Spermatocyte preparation was adapted from a previous study18. Seminiferous tubules from 3-week-old male C57BL/6J mice were incubated in buffer I (137 mM NaCl, 2.7 mM KCl, 8 mM Na2HPO4, 2 mM KH2PO4; Sigma-Aldrich) for 10 min at room temperature. Released spermatocytes were mixed 1:1 with buffer II (100 mM sucrose, Sigma-Aldrich), passed through a 70 µm strainer and spread onto coverslips presoaked in buffer III (1% PFA, 0.15% Triton X-100, pH 9.2). After drying for 4 h in a humidified chamber and washing, samples were treated with Image-iT (Invitrogen, I36933) for 30 min. Samples were washed three times, blocked with 3% BSA in PBS for 30 min at room temperature and incubated overnight at 4 °C with mouse anti-SCP-3 (Santa Cruz Biotechnology, clone D-1, sc-74569, lot no.
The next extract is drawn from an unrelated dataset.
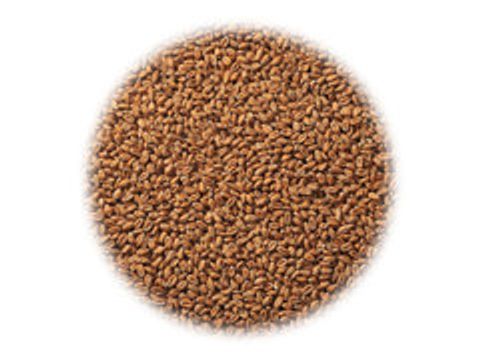 Солод Stamag Weizen (Пшеничный светлый)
J2221; 1:1,000 in 1% BSA/PBS). Following three washes, samples were incubated overnight at 4 °C with goat anti-mouse-S4 (1:500). After a final three washes, samples were mounted in buffer E containing imager strand P10.
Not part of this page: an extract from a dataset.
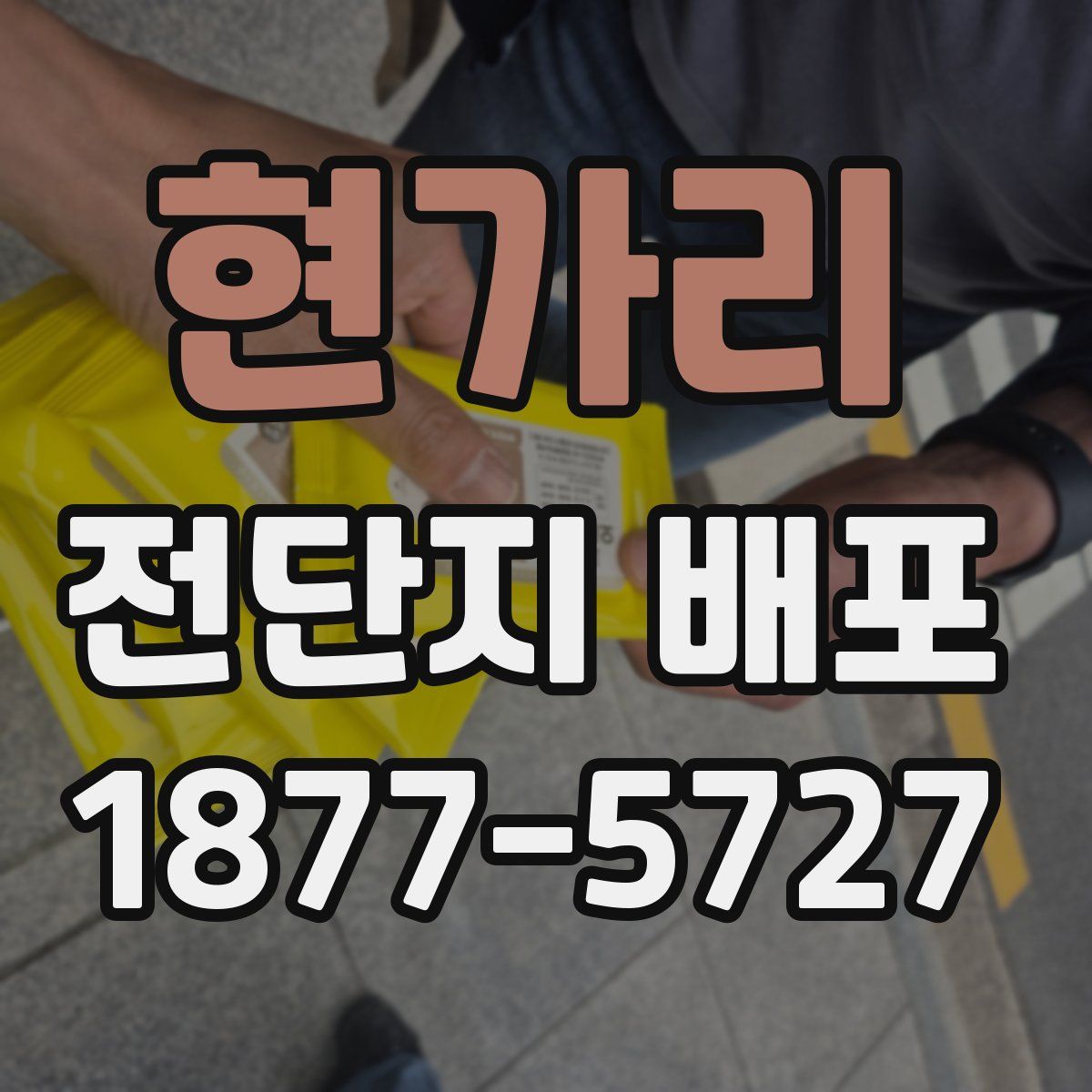 현가리 전단지 배포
Transcardial perfusion and tissue labelling

Solutions were freshly prepared daily. Adult Rosa26-GFP-OMP25 and ChAT-Cre-ChR2-YFP mice were anaesthetized (intraperitoneal 1% sodium pentobarbital, 200 μl) and transcardially perfused at 10 ml min−1 with 50 ml PBS followed by 50 ml 4% PFA in PBS. Brains were excised, post-fixed in 4% PFA at 4 °C for 8–12 h with agitation and rinsed three times for 20 min in cold PBS. Vibratome sections (30 μm; Leica VT1200 S), coronal for Rosa26-GFP-OMP25 mice and sagittal for ChAT-Cre-ChR2-YFP mice, were stored at 4 °C in PBS with 0.05% ProClin 300 (BIOSS, D10200). Before labelling, sections were washed twice in PBS (10 min each), quenched with 100 mM glycine in PBS, washed twice more in PBS and permeabilized or blocked in blocking buffer C for 2 h at room temperature. Sections from Rosa26-GFP-OMP25 mice were incubated overnight at 4 °C with NbGFP-LS4 in dilution buffer B. After three washes in wash buffer and two in PBS (10 min each), sections were washed in buffer E (10 min) and mounted in imager solution (LP10 in buffer E). Sections from ChAT-Cre-ChR2-YFP mice were incubated overnight at 4 °C with rabbit anti-GFP (Thermo Fisher Scientific, A11122, lot 2901498,1:500) in dilution buffer B, washed three times in wash buffer and incubated overnight at 4 °C with donkey anti-rabbit-LS4 (1:500). After identical washing steps, samples were mounted in LP10/buffer E for imaging.

Sample mounting

For fixed-cell imaging, samples were rinsed with fresh imaging solution, placed in a custom holder with 100 μl of imaging solution and covered with a clean coverslip. Excess solution was removed, and the assembly was sealed with two-component silicone glue (Twinsil, Picodent), curing for 10–20 min before imaging. For live-cell imaging, the solution in the confocal dishes was replaced with 300 μl of live-cell imaging medium before covering with a coverslip and sealing in the identical manner.

Reporting summary

Further information on research design is available in the Nature Portfolio Reporting Summary linked to this article.